The only thing I personally don’t understand is the target price est. standard deviation; could you explain? Thank you — JB
Target price estimate standard deviation is a measure of the spread of analyst opinions on a company. The larger the number, the more the analysts disagree about the company’s prospects, as indicated by their differing 12 month target price for the company. Less predictable, less stable companies will generally have bigger standard deviation numbers.
This is so helpful to normal people building their savings. I appreciate the explanations of financial terms.
You screener is very good and comprehensive. But a stock price should be easily available to begin with because some of the stocks still could be the value stocks according to your screener, but way TOO expensive for some if not majority of your clients, your our humble servant is included.
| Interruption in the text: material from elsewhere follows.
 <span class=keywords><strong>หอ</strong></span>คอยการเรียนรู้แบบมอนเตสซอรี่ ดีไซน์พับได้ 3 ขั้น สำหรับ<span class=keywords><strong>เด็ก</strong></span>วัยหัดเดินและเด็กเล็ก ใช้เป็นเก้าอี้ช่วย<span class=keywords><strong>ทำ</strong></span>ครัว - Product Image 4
You are too knowledgeable in all interfaces and navigation. I’m software engineer and designed several UI for the scientific instrument. Any instrument should be intuitive and screened by real users (clients) but not creators. Today, I tried to go to your Blog, and it was way to long to navigate. Your overall Software Package is rteally interesting. But UI could be improved. Please, consider these words as very positive overall. Thanks, and Happy New Year.
Excellent post, Howard. Your Stock Rover program is outstanding. Thanks for the very clear and understandable explanation on value investing from your perspective. I’ve read many books on the subject and I think your very short treatment is one of the clearest and cleanest.